Another point that sort of ties in with that one: I don't remember the exact situation, but a friend, who happened to have his black belt in Tae Kwon Do, once told me that I had to do as he said because he was a black belt. (What did he want me to do? I honestly couldn't tell you.) Years later, I shared that story with another friend--who, as far as I know, had never seen that guy in her life--and she said, "Don't let people push you around like that, [Siobhan]." That's actually really good advice; unfortunately, there are people who want to "push me around like that," including by taking away what I enjoy, including my favorite entertainment. Those "pushers" don't have the power to take it away, and I'm not going to give it to them. The more adamant they become that I shouldn't do, like, read, watch, or listen to whatever, the more I'm going to do just what they don't want me to do.

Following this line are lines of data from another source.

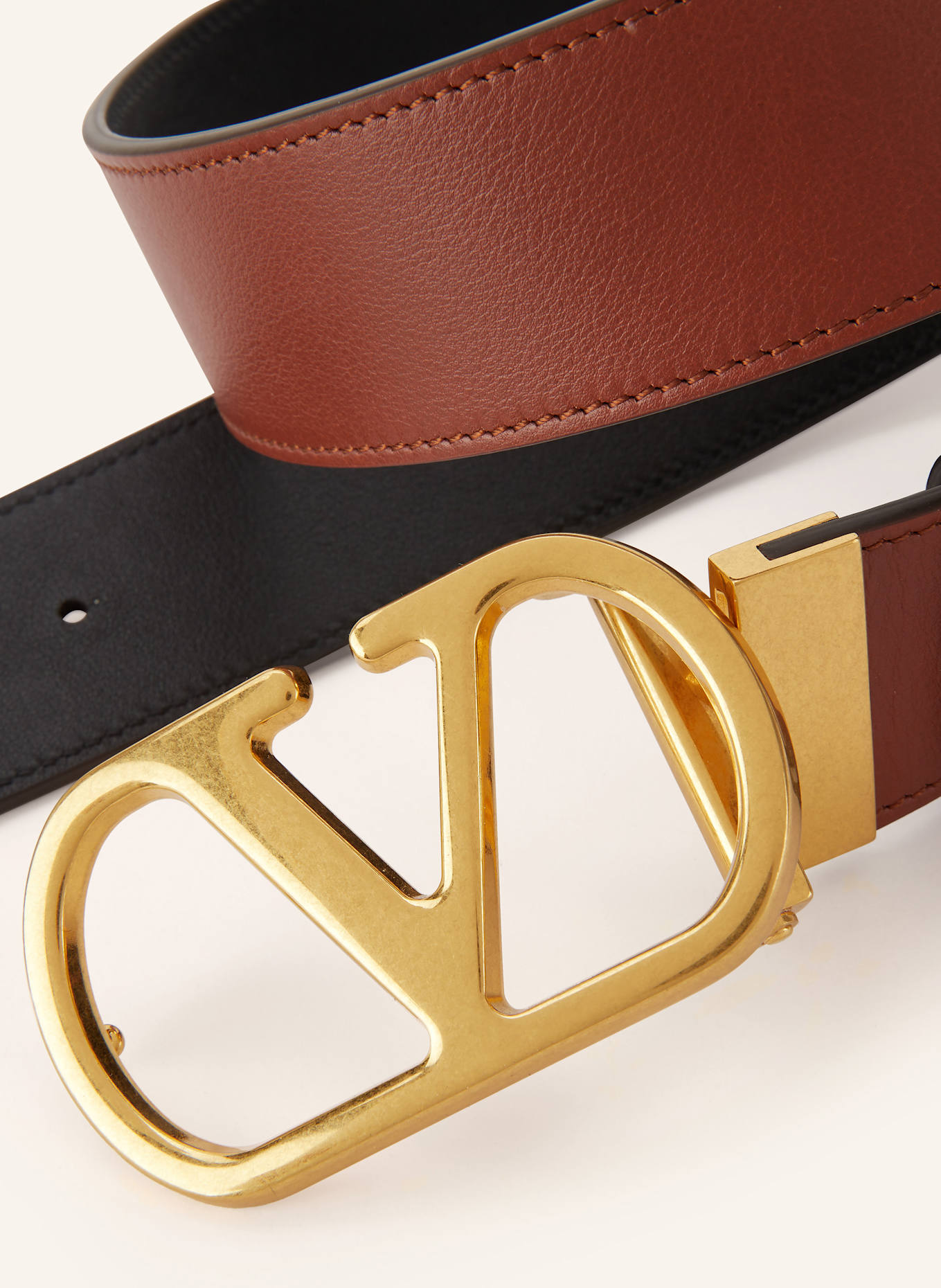 VALENTINO GARAVANI Gürtel zum Wenden: BRAUN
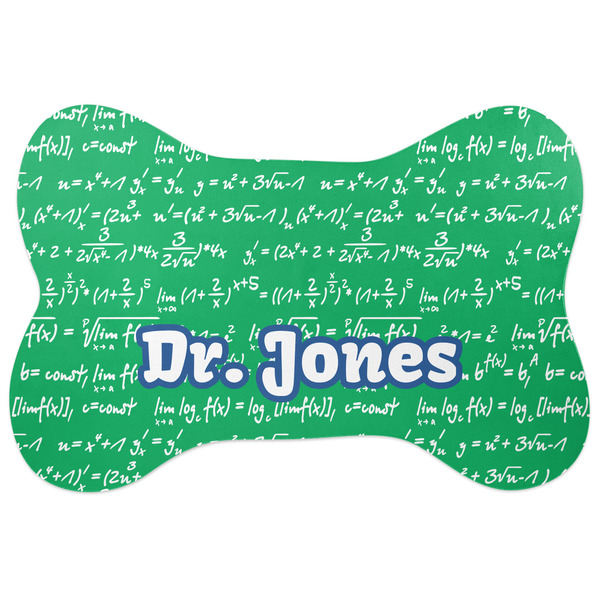 Custom Equations Bone Shaped Dog Food Mat (Large) (Personalized)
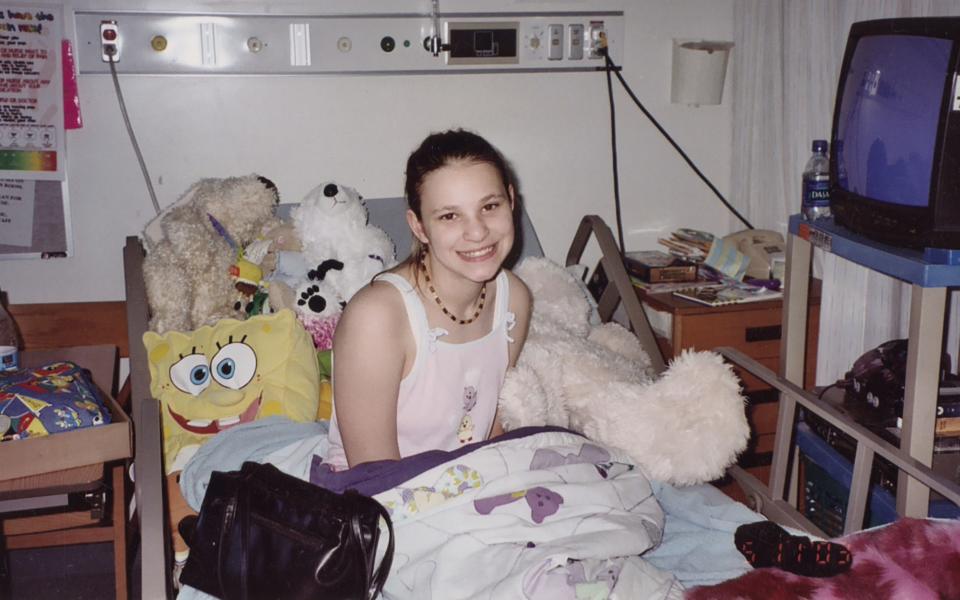 Oksana, 14, after the amputation of her second leg - Oksana Masters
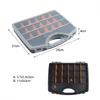 Hardware Parts Storage Box Removable Dividers Tool Organizer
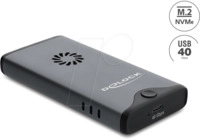 DELOCK 42034 - Externes M.2 NVMe PCIe SSD Geh&auml;use mit L&uuml;fter, 40 Gbps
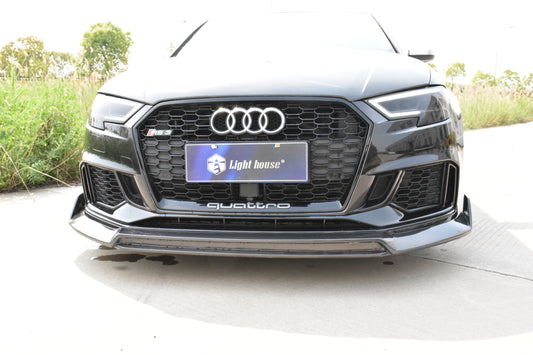 SPECTER PLUS V2 Front Lip for Audi RS3 8V.5 2018-2020 Carbon Fiber/FRP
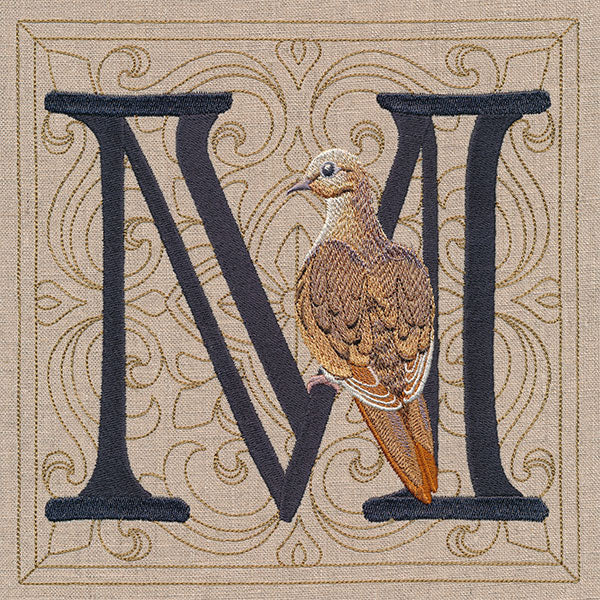 For the Love of Birds Square - Letter M and Mourning Dove - Image 9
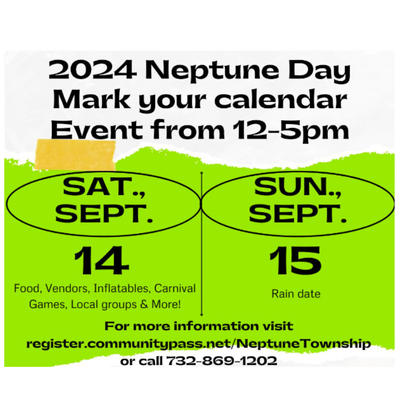 Save the Date - Neptune Day 2024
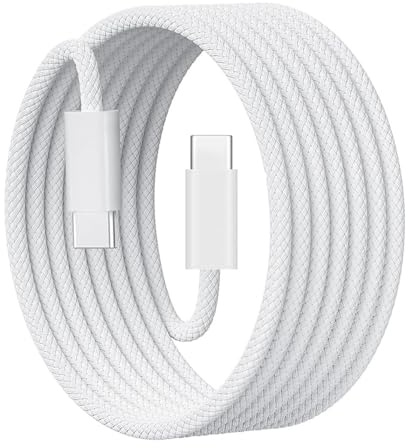 XQO Charging Cable for AirPods Pro (2nd gen), USB C to USB C Woven Cable for AirPods Pro (2nd generation) Wireless Earbuds, USB C for IPhone 15/ iPad/TV Remote Control/Mac Braided Charger Power Cord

My final statement is more on entertainment in general: Anybody who has been watching entertainment trends knows that, when it comes to offensive content, there's more of it to go around than ever before. One need look no further than the recent Movie 43 for a perfect example of how far-gone media morality is these days. However, there are some recent trends that discerning viewers can actually rejoice over. The Dove Foundation reported in December 2012 that not only were there less "R" rated films, but movies they approved performed three times better at the box office than ones they didn't. Plus, they were able to approve 18% more flicks from January to late November that year than they did during the same timeframe in 2011. I personally noticed something that was a good sign: The DVD of We Bought a Zoo features a "family-friendly language track" that, one would assume, eliminates the profanities that caused the movie to get a "PG" rating. One can only hope that more flicks will follow suit. I think entertainment companies are realizing that parents and even some childless adults want more family-appropriate films, TV shows, music, games and such, and, since the one rule of business is to "go where the money is," they're at least attempting to head in that direction. I'll just have to see how that pans out; in the meantime, I'm going to be watching sitcoms on the Disney Channel, since they're the only current ones that aren't bogged down with sex jokes, profanities, drug references, and other obscene content. Whether you accept it or use it as grounds to attack me is your call; just remember what Matthew 12:36-37 says about the power your words have.